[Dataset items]
-*-

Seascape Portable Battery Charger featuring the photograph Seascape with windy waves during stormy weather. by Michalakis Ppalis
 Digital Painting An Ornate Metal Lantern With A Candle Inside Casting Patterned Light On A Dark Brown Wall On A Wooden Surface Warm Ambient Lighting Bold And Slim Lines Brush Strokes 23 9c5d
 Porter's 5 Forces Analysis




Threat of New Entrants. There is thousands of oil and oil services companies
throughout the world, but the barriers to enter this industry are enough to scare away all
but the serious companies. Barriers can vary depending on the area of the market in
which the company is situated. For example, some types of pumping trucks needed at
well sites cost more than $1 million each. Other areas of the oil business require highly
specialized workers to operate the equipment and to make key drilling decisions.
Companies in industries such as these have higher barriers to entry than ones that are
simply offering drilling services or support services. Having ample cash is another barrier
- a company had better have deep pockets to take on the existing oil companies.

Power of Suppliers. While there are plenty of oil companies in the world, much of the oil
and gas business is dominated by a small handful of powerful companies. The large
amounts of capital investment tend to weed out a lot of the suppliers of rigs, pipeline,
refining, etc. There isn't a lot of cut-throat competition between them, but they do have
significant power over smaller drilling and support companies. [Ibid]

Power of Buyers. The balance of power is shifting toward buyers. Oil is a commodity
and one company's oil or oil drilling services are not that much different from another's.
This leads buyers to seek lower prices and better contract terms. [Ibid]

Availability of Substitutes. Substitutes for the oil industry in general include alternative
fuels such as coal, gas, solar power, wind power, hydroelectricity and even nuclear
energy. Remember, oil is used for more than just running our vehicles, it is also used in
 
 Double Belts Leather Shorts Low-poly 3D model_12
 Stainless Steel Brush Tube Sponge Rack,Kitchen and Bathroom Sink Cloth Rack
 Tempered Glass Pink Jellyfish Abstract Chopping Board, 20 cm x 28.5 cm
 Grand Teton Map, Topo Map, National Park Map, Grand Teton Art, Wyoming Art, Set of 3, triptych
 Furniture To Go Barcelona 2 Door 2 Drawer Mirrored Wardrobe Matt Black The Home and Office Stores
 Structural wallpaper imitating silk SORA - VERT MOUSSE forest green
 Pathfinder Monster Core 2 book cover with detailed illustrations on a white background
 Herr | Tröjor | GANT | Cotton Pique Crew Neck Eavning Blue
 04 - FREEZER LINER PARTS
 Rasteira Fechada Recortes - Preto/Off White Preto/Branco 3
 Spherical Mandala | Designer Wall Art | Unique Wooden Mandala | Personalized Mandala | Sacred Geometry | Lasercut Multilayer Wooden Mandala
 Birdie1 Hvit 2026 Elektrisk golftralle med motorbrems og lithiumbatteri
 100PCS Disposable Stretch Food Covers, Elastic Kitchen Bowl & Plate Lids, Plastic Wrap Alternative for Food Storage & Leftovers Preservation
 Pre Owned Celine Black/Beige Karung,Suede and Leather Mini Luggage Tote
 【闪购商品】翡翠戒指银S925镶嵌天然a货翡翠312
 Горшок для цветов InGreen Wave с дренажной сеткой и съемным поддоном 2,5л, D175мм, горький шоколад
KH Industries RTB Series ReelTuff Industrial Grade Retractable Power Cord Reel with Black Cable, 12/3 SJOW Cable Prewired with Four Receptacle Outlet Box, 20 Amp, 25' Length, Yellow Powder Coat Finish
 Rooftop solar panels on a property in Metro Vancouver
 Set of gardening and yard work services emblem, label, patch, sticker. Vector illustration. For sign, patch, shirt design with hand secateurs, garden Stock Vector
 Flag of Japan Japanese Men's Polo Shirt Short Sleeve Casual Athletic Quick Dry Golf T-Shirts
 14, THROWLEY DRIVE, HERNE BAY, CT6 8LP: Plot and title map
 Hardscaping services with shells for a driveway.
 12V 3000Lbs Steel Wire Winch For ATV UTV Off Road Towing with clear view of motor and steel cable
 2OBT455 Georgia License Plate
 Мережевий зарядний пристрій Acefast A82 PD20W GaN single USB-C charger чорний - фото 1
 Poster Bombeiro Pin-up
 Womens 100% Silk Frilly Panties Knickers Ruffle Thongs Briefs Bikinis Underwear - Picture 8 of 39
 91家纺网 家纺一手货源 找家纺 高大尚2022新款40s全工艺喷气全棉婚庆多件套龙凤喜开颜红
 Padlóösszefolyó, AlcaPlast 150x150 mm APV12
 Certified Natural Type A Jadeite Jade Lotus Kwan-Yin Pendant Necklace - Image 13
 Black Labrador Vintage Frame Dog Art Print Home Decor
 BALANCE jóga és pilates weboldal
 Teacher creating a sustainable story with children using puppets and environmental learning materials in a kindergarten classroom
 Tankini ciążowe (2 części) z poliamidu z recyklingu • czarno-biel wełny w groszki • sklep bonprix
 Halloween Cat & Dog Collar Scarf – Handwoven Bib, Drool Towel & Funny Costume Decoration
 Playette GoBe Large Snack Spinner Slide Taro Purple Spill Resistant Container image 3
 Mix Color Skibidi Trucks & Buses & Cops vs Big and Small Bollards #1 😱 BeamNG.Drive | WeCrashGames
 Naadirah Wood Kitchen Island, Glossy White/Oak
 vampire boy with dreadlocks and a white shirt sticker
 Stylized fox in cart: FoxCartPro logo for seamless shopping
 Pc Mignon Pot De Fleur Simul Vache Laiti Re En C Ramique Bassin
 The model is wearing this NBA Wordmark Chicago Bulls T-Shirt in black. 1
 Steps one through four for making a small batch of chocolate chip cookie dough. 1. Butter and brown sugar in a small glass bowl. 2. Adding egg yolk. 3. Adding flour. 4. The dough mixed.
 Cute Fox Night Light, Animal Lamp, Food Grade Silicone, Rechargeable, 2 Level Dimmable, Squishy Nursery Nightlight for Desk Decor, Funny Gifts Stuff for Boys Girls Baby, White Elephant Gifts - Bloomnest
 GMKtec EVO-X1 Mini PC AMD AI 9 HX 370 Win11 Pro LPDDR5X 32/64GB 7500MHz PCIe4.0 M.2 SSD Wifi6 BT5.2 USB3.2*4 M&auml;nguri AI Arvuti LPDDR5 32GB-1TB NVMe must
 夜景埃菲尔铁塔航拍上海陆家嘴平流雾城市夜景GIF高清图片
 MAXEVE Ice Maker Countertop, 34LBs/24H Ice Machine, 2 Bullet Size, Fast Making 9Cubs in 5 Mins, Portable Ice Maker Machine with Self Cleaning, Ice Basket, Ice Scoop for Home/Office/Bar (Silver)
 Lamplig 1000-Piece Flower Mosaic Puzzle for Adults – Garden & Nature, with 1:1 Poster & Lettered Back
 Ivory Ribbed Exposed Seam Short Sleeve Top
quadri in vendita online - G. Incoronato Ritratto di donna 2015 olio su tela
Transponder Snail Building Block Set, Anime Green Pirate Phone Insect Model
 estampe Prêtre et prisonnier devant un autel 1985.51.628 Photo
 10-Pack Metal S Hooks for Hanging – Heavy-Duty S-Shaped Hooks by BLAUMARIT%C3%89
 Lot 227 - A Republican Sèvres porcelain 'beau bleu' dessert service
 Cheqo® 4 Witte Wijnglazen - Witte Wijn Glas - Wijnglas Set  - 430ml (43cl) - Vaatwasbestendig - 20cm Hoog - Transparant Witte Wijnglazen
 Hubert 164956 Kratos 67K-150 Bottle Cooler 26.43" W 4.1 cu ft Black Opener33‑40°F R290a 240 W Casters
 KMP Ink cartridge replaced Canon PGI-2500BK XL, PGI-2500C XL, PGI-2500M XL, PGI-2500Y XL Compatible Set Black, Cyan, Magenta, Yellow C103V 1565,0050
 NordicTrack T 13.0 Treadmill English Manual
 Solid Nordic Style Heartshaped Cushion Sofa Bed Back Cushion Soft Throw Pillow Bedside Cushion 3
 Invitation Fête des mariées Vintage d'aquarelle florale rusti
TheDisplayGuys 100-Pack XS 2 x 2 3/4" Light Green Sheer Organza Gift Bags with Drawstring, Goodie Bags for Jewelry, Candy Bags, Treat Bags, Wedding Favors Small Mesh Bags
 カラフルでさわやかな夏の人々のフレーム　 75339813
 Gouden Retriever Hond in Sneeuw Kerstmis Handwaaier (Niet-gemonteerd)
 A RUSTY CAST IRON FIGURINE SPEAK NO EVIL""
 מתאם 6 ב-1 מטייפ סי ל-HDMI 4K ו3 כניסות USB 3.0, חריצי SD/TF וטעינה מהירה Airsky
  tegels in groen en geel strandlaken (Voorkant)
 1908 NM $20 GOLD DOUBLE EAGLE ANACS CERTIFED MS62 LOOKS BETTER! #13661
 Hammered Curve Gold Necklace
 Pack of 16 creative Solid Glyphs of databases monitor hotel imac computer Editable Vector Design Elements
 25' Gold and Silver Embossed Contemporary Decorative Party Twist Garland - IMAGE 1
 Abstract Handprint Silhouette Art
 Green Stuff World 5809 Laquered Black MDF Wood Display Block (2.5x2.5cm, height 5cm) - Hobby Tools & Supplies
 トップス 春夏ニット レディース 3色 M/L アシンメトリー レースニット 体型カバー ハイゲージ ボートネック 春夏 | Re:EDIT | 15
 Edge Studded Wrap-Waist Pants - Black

-*-

### PROBLEM DETAILS
Only lines holding the word "buyers" are wanted, so copy each of them from the records above.

### SOLUTION TO THE PROBLEM
Power of Buyers. The balance of power is shifting toward buyers. Oil is a commodity
This leads buyers to seek lower prices and better contract terms. [Ibid]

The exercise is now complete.